For the study, Prieto-Alhambra and co-authors reviewed primary care records in the U.K., and primary care and linked hospital data in Spain. They included more than 8.3 million people who received at least one dose of Pfizer-BioNTech (Comirnaty), Moderna (SpikeVax), Johnson & Johnson, or AstraZeneca COVID-19 vaccines between the rollout of the vaccination campaigns and the end of data availability (May 2021 for U.K. data and June 2021 for Spain).
The researchers also studied nearly 736,000 unvaccinated individuals with a first positive reverse transcription polymerase chain reaction test result for SARS-CoV-2 after September 2020, and about 14.3 million people in the general population.
Outcomes were the incidence of Bell’s palsy, encephalomyelitis, Guillain-Barré syndrome, or transverse myelitis in 21 days after the first vaccine shot, 90 days after a positive COVID test, or between 2017 and 2019 to determine background rates in the general population cohort.
Overall, about 3.6 million people received Pfizer, 4.4 million received AstraZeneca, 245,000 received Moderna, and 121,000 received Johnson & Johnson vaccines.
Post-vaccine rates were consistent with background rates for Bell’s palsy, encephalomyelitis, and Guillain-Barré syndrome. The researchers noted that due to limited statistical power, they conducted a self-controlled case series only for Bell’s palsy and found no safety signal among people who were vaccinated.
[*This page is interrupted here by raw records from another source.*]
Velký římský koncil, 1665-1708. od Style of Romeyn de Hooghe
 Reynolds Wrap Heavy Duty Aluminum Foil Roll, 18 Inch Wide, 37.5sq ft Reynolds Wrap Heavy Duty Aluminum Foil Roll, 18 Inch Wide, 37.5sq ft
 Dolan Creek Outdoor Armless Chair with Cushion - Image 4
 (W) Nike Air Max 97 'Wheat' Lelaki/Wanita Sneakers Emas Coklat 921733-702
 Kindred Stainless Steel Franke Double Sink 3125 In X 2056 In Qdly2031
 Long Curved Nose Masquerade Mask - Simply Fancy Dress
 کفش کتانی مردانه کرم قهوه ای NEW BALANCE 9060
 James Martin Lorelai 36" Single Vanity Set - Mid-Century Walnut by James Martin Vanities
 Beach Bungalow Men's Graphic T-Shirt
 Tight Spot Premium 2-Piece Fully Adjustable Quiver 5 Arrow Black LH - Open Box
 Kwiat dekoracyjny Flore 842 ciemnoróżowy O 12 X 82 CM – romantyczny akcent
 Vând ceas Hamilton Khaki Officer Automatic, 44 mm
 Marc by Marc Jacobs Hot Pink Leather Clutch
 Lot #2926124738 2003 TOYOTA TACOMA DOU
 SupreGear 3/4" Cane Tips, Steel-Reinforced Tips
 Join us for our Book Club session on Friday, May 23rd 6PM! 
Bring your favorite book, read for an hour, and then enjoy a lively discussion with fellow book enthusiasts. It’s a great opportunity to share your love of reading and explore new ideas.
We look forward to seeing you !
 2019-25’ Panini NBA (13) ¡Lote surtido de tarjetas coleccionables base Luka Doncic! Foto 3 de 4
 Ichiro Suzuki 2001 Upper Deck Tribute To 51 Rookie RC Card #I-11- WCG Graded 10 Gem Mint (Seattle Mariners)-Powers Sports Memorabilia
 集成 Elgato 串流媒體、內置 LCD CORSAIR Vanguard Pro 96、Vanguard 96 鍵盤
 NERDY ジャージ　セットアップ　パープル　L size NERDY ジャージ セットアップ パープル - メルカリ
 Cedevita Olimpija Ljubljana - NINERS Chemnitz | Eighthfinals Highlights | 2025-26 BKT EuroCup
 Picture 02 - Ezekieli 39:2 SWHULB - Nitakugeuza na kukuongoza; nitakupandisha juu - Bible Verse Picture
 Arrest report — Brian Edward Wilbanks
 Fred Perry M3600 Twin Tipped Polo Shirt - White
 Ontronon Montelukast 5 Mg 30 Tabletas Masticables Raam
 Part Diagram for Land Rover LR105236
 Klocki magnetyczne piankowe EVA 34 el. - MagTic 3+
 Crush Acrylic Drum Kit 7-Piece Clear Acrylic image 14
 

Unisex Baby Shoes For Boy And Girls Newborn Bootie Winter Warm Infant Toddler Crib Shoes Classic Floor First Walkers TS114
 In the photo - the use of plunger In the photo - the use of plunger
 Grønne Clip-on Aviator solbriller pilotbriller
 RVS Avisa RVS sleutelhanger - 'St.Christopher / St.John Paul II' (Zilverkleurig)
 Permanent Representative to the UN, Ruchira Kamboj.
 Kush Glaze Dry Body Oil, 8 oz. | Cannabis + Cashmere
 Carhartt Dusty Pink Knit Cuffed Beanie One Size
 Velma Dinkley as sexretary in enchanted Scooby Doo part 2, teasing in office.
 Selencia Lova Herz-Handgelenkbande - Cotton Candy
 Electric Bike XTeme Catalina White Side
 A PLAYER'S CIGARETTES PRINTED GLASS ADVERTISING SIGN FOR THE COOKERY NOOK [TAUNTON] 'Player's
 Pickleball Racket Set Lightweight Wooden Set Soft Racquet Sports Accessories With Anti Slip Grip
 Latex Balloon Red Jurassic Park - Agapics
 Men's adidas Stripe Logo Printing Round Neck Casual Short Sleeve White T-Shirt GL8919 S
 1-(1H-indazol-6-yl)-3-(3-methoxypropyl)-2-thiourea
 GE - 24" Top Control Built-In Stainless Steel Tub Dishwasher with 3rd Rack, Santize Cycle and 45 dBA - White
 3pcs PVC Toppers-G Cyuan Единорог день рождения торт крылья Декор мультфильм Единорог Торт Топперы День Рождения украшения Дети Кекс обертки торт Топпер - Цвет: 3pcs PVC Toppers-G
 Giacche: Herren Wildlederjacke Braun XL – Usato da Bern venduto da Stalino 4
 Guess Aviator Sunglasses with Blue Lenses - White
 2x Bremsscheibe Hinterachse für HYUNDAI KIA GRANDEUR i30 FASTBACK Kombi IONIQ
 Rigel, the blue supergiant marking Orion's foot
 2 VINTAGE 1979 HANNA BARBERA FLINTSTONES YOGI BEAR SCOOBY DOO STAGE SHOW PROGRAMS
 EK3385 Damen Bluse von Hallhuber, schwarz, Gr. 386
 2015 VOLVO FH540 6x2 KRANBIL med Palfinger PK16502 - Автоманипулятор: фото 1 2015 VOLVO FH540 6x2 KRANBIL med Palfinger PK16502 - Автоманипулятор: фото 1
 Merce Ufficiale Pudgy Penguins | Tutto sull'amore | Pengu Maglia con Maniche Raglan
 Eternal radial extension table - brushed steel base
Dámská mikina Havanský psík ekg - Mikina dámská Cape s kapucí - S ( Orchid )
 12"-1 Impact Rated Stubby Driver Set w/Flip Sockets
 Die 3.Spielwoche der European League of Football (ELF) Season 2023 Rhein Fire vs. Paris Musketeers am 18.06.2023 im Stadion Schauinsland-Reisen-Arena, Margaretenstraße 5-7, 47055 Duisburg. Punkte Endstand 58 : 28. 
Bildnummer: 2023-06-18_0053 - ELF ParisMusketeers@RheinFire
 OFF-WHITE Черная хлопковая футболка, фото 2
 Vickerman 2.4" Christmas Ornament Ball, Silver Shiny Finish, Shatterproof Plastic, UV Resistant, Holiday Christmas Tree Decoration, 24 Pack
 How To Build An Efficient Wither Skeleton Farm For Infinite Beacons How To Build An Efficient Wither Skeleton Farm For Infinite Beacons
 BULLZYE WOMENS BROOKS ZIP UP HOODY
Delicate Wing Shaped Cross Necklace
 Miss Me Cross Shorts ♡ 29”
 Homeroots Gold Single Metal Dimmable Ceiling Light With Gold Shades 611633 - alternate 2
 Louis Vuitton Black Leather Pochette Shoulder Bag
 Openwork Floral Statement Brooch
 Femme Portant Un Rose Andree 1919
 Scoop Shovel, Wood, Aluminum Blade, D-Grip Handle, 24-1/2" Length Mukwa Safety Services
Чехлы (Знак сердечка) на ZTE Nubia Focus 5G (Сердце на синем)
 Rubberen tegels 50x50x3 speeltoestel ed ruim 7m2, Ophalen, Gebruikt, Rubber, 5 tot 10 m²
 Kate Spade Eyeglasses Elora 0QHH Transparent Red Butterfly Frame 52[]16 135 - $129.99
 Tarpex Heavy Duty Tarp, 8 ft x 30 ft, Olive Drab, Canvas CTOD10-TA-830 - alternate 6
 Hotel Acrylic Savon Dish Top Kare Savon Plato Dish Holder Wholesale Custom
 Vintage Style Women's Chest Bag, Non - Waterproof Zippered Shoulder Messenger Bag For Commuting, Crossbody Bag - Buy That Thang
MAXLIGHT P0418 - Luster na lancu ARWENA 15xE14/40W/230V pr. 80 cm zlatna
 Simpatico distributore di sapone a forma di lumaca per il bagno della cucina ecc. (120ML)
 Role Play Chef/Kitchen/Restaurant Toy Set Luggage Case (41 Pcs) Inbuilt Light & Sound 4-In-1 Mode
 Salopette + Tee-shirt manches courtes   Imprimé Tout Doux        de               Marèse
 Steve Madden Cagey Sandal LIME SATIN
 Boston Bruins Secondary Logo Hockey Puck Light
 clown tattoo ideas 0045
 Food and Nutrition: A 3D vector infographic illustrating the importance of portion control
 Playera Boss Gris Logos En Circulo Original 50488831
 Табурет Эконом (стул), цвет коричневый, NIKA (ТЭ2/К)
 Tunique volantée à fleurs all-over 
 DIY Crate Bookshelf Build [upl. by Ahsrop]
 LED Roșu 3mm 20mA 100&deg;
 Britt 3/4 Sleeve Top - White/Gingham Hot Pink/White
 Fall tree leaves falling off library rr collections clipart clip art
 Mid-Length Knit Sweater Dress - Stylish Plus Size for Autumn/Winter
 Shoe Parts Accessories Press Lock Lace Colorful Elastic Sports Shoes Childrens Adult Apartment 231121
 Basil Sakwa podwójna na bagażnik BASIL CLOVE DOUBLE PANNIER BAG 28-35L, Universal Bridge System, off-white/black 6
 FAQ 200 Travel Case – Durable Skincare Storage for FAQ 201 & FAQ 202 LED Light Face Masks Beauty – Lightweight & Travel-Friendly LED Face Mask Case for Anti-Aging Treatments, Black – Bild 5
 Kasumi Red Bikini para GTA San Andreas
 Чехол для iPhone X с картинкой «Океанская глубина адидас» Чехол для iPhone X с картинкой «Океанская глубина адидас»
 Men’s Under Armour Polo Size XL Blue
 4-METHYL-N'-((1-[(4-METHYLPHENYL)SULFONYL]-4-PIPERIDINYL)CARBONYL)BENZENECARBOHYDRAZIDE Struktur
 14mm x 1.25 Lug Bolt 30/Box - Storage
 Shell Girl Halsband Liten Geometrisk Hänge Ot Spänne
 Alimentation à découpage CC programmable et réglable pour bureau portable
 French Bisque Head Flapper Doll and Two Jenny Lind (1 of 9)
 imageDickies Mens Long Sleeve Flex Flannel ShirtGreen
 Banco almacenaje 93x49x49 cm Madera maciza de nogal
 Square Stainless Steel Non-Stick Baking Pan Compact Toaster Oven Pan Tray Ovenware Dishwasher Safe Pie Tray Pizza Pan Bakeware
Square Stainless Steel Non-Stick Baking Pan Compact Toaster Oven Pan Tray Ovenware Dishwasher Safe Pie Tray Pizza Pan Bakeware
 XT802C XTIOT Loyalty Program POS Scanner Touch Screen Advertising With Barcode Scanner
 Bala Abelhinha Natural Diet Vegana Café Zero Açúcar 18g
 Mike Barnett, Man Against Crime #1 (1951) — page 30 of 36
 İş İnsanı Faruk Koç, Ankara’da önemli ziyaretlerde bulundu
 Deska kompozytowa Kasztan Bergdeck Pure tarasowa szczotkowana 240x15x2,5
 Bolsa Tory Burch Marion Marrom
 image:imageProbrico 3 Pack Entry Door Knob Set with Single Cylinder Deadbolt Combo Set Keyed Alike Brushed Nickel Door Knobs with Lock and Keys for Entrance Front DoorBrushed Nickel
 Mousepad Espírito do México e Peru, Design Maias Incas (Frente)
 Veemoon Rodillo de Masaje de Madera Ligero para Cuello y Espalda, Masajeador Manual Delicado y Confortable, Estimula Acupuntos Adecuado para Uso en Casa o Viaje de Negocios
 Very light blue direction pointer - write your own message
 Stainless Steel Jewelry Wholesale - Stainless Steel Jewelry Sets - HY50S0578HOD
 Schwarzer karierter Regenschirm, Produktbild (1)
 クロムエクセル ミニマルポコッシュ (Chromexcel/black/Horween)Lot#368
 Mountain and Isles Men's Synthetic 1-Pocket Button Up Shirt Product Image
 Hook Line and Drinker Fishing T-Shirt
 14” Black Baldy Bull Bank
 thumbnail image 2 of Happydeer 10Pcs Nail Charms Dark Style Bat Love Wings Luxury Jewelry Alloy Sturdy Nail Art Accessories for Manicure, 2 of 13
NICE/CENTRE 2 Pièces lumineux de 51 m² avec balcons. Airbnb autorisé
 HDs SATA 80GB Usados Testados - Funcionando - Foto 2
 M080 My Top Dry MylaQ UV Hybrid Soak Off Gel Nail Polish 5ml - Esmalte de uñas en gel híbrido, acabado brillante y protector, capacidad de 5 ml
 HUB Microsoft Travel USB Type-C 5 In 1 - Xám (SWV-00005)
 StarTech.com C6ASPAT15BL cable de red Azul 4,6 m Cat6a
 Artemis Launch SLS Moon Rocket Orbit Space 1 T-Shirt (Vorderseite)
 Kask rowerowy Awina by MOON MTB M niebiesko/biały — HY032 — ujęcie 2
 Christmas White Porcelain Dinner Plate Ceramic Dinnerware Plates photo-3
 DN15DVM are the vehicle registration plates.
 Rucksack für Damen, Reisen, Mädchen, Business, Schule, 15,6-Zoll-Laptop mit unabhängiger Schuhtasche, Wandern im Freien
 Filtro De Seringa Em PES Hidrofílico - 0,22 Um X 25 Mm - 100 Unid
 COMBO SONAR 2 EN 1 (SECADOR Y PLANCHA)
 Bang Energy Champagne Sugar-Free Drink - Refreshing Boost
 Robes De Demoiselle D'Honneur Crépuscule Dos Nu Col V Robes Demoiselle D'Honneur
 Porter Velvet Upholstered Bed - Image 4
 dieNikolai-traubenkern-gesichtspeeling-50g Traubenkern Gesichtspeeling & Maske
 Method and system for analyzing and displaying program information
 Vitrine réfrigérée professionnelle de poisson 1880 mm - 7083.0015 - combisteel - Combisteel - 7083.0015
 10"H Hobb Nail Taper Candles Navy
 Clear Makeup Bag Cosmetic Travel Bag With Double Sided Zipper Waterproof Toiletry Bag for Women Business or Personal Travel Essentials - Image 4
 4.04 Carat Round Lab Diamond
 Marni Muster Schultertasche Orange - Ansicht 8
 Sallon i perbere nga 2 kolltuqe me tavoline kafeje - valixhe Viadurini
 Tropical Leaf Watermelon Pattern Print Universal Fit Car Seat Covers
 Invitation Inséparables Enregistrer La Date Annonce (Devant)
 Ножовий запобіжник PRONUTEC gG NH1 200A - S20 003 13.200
The rates of immune-mediated neurologic events were higher than expected after COVID infection. In the U.K., standardized incidence ratios after infection were 1.33 (95% CI 1.02-1.74) for Bell’s palsy, 6.89 (95% CI 3.82-12.44) for encephalomyelitis, and 3.53 (95% CI 1.83-6.77) for Guillain-Barré.
In Spain, standardized post-infection incidence ratios were 1.70 (95% CI 1.39-2.08) for Bell’s palsy, 3.75 (95% CI 2.55-6.02) for encephalomyelitis, and 5.92 (95% CI 3.98-9.53) for Guillain-Barré. Fewer than five transverse myelitis events occurred among vaccinated people in each country.
The study had several limitations, Prieto-Alhambra and co-authors noted. It did not include hospital records in the U.K. and may have missed some immune-mediated neurologic disorders. Confounding by indication also may have influenced the historical comparator analysis. “Although we account for differences in age, individuals vaccinated also had more comorbidities than the comparator cohort and may well differ in other, unobserved characteristics,” the researchers acknowledged. They added that people with a recent history of the same immune-mediated neurologic events were excluded from the study and the findings do not apply to individuals with chronic relapsing conditions like multiple sclerosis.